11. The first GCI level control flag is signaled to indicate whether the first SPS level control flag is equal to 0. The second GCI level control flag is signaled to indicate whether the second SPS level control flag is equal to 0. The non-temporary computer-readable recording medium according to claim 9, further comprising causing the encoding device to perform an operation including the above.

12. If the first SPS level control flag indicates that BDOF is enabled, the first control flag of the slice header is determined. The first control flag signals whether the BDOF is disabled for the video block of the slice. If the second SPS level control flag indicates that PROF is enabled, the second control flag of the slice header is determined. The second control flag signals whether the PROF is enabled for the video block of the slice. The non-temporary computer-readable recording medium according to claim 9, further comprising causing the encoding device to perform an operation including the above.
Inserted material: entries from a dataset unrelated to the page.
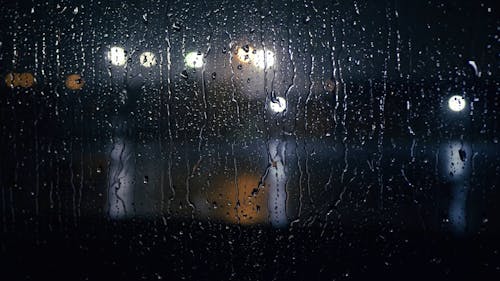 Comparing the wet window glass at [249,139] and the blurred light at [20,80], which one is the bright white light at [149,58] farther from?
the blurred light at [20,80]

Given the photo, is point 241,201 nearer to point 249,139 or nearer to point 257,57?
point 249,139

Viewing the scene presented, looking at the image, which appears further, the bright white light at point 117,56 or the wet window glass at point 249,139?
the bright white light at point 117,56

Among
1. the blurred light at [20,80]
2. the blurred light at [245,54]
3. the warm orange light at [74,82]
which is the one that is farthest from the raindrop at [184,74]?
the blurred light at [20,80]

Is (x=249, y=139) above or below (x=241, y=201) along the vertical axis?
above

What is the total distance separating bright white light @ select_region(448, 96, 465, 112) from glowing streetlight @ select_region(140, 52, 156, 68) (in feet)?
2.31

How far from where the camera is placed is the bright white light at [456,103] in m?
0.80

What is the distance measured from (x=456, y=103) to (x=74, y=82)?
3.05 feet

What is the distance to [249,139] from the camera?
881 mm

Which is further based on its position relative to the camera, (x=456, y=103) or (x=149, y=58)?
(x=149, y=58)

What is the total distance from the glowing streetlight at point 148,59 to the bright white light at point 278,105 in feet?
1.05

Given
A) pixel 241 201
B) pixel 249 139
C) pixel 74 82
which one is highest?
pixel 74 82

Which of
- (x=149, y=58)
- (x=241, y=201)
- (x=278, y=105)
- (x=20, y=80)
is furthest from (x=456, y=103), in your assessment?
(x=20, y=80)

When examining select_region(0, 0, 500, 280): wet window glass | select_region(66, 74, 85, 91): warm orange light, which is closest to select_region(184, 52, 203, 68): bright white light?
select_region(0, 0, 500, 280): wet window glass

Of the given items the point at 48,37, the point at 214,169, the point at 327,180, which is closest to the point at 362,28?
the point at 327,180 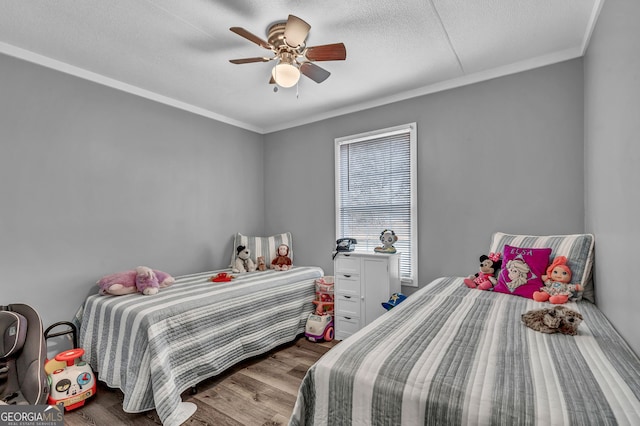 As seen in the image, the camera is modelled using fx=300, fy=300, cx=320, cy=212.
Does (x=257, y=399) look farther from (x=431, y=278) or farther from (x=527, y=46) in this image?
(x=527, y=46)

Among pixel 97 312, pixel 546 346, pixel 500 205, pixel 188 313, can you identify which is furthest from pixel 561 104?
pixel 97 312

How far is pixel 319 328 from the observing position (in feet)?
10.1

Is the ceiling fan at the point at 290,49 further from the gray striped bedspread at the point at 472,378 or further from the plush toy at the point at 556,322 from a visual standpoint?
the plush toy at the point at 556,322

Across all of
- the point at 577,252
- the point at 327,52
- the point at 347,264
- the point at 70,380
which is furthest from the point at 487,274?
the point at 70,380

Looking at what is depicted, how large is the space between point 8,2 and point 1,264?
1.74 m

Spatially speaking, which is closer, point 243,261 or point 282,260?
point 243,261

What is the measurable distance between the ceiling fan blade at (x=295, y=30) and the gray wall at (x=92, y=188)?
1963 mm

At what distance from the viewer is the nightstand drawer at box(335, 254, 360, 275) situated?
305 cm

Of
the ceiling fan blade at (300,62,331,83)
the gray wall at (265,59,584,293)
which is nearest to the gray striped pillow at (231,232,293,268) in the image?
the gray wall at (265,59,584,293)

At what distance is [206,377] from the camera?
2236mm

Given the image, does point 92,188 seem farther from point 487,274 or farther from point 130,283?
point 487,274

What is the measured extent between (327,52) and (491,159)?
1760 mm

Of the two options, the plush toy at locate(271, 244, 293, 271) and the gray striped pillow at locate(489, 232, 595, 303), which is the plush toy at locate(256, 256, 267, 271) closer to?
the plush toy at locate(271, 244, 293, 271)

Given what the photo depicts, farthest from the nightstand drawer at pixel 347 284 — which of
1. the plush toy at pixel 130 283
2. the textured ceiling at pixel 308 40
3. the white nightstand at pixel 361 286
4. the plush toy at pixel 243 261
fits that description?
the textured ceiling at pixel 308 40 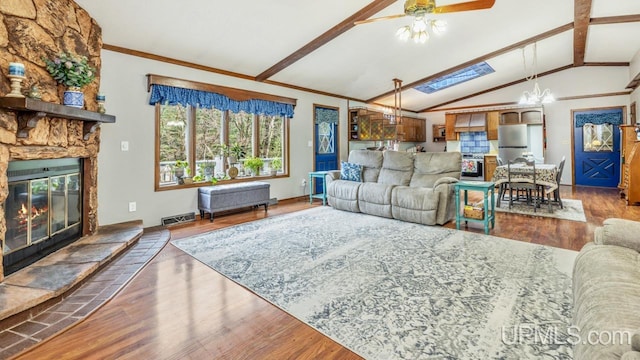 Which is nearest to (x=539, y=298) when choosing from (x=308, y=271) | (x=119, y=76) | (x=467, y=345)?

13. A method for saving a bitstream, The bitstream is generated by performing a video encoding method, The bitstream is saved, The aforementioned video encoding method is Determine the two GCI (general constraint information) level control flags. The two GCI level control flags include a first GCI level control flag and a second GCI level control flag, The first GCI level control flag indicates whether the first SPS (sequence parameter set) level control flag is equal to 0. The second GCI level control flag indicates whether the second SPS level control flag is equal to 0. How to save a bitstream.

14. The aforementioned video encoding method further, Determine the first SPS level control flag and the second SPS level control flag, The first SPS level control flag indicates whether BDOF (bi-directional optical flow) is enabled for the current video sequence. The second SPS level control flag indicates whether PROF (prediction refinement with optical flow) is enabled for the current video sequence. When the first SPS level control flag indicates that BDOF is enabled for the current video sequence, and the video block is not encoded in affine mode, BDOF is applied to derive motion refinement of the video block based on the first predicted sample I(0)(i,j) and the second predicted sample I(1)(i,j). When the second SPS level control flag indicates that PROF is enabled for the current video sequence, and the video block is encoded in affine mode, PROF is applied to derive motion refinement of the video block based on the first predicted sample I(0)(i,j) and the second predicted sample I(1)(i,j). Based on the motion refinement, predict samples are obtained for the current video block. A method for saving a bitstream according to claim 13.